Miss Bella would teach Mia privately at the building fifteen minutes away from her house where she used to have lessons. She came immediately after ballet classes. Each time she hid in the hall until the students filtered out. It would be a nightmare if the teenage girls she had gone to class with saw her now, a husk of her former self, crippled yet trying to dance again.
It’s still pointless, Mia thought as she walked into the building. I can’t dance. I’ll just fall again. And again. And again. Miss Bella will see that soon enough.
“Well,” she said, her voice that of quiet excitement, “do you have a routine in mind for tryouts?”
Mia nodded. She had one figured out for months, even before the accident. Whether she could perform her routine, that was another question.
Miss Bella’s gaze fell downward. “Where are your shoes?”
Mia cast a glance over her shoulder at her little drawstring bag which contained her slippers. She slipped it off her thin shoulder and sitting down, slipped her sneakers off those detestable plastic things that doctors dared call “legs.”
“You know you can’t dance without them,” said Miss Bella lightly.
“I can’t dance anyhow,” Mia mumbled.
“You don’t actually believe that, do you?”
“Yes. It’s too hard.”
Sinking down, Miss Bella held Mia’s gaze. “Has that ever stopped you before?”
“Before I had balance,” Mia countered.
Miss Bella handed Mia her pearl pink slippers. “Because you built it up. You can do that again. It just takes practice. You do want this, don’t you?”
Mia glanced down at her slippers. Visions of her future flashed through her mind. Dancing on the stage, twirling around, leaping in the air, performing Swan Lake, Camelot, Nutcracker. Applause reverberating from the audience, crashing and swelling like waves from the sea. But the most spectacular thing was that she was living her dream as a ballerina. Her life was not just full of dancing; it was a dance.
Mia nodded and began lacing up her shoes. She had been wanting this her whole life. She just hoped she was able to still do it, even now.
The first day, Miss Bella and Mia focused on regaining balance. They did the usual beginning exercises at the balance bar, going up on your toes, then down, and repeating the session. Mia had made significant progress at physical therapy so it was not so hard to perform this exercise as it had been. However, when they began to perform the tiny jumps, Mia would slip and almost let go of the bar. Miss Bella offered words of encouragement unceasingly, telling her to keep trying and that it was okay to mess up sometimes. Mia was not sure she believed that, though.
The next week Mia went to the building where Miss Bella had taught her lessons. She had reserved the room at late hours for private practices. They stretched and did warm-ups as usual, then when Mia felt ready, they began working on her routine.
Mia had to go very, very slowly when beginning, else she would fall face first. Many of the moves she had originally put in there were impossible for her to execute.

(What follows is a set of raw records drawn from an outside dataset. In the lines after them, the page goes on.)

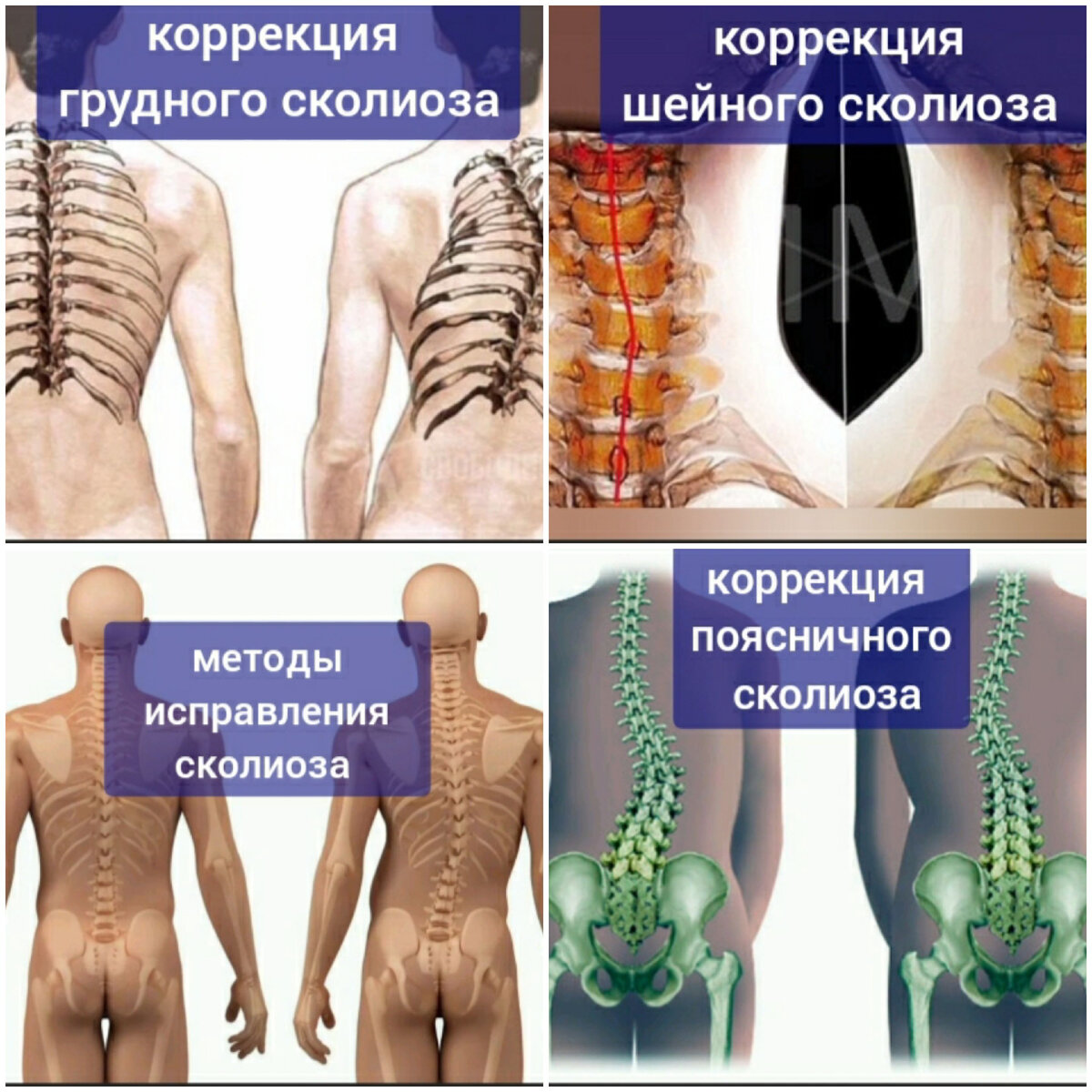 Заболевания передающиеся половым путем. Или чем опасен оральный и незащищенный секс?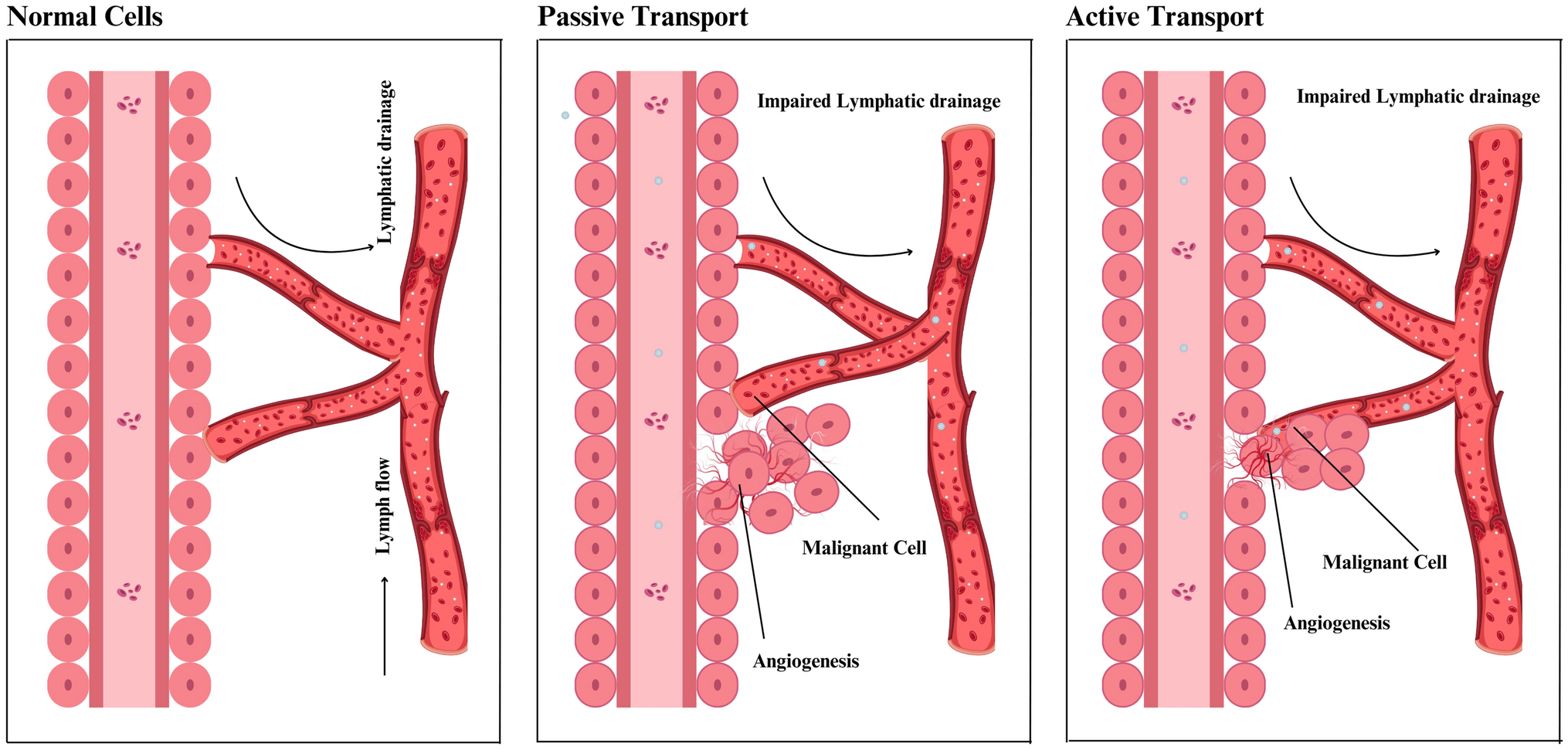 NSAID-encapsulated nanoparticles as a targeted therapeutic platform for modulating chronic inflammation and inhibiting cancer progression: a review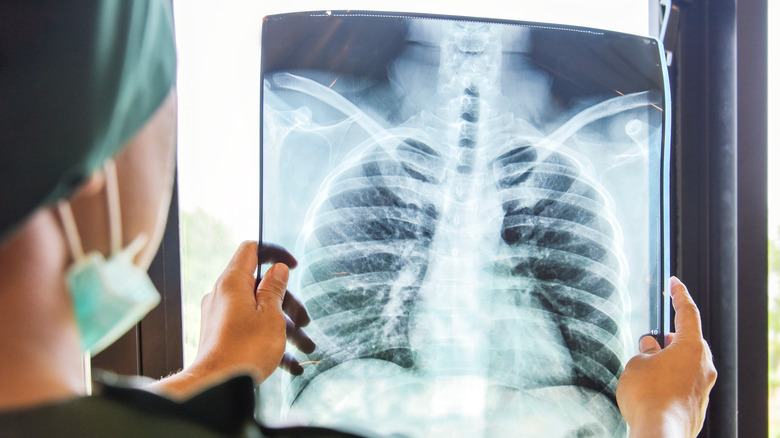 Doctor examining chest bone x-ray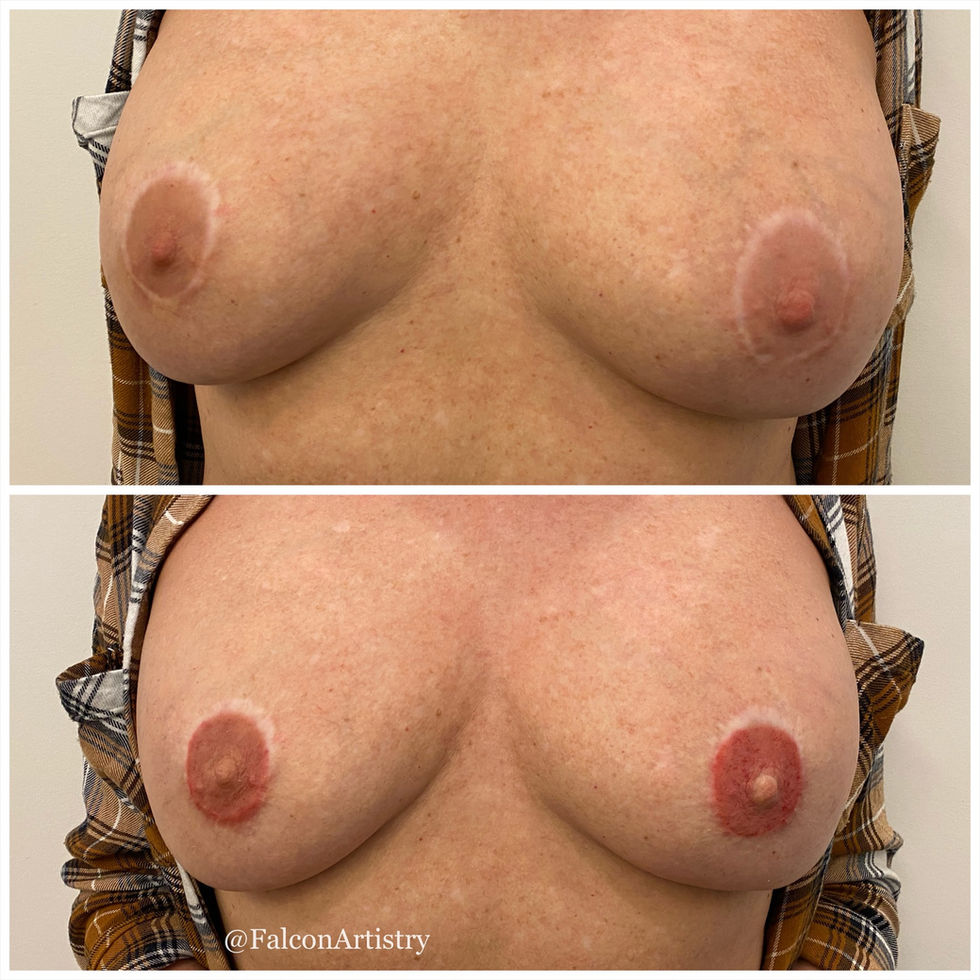 3D nipple tattoo with soft shading to achieve a lifelike, dimensional result.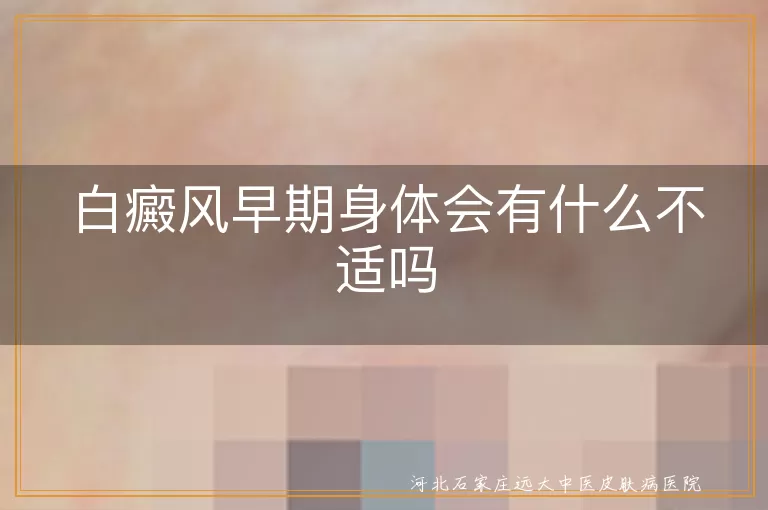 白癜风早期身体会有什么不适吗
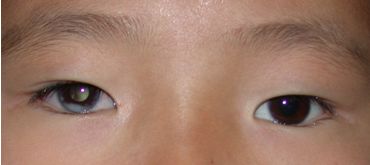 4个月婴儿倒睫毛怎么办(婴幼儿眼睛要注意什么) - 乐宝宝贝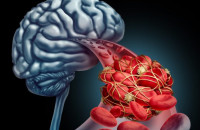 ΑΝΕΥΡΙΣΜΑ ΕΓΚΕΦΑΛΟΥ: TI EINAI; ΜΗΝ ΑΓΝΟΗΣΕΤΕ ΤΑ «ΑΘΩΑ»ΠΡΩΙΜΑ ΣΥΜΠΤΩΜΑΤΑ!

“You just need to build up to it,” Miss Bella kept on reminding her, but Mia found that hard to believe when she kept on stumbling when she turned a pirouette or made a high kick.
For hours and hours, day and night, Mia kept on practicing. She practiced at home in her room. She got up early and practiced balancing. She practiced small jumps at the bar during physical therapy. She attempted --but usually failed-- quick runs and spins. She did sit-ups, push-ups, anything and everything she could think of that would improve her core, make her a stronger dancer, make up for that vital part of her she had lost.
As days soon turned to weeks and a month soon passed, Mia’s doubts began to arise. What if she did not get to the point she was before her accident? What if the day of auditions came and she was not ready? What if she never got back to where she was? What if what she was striving for was an impossible goal?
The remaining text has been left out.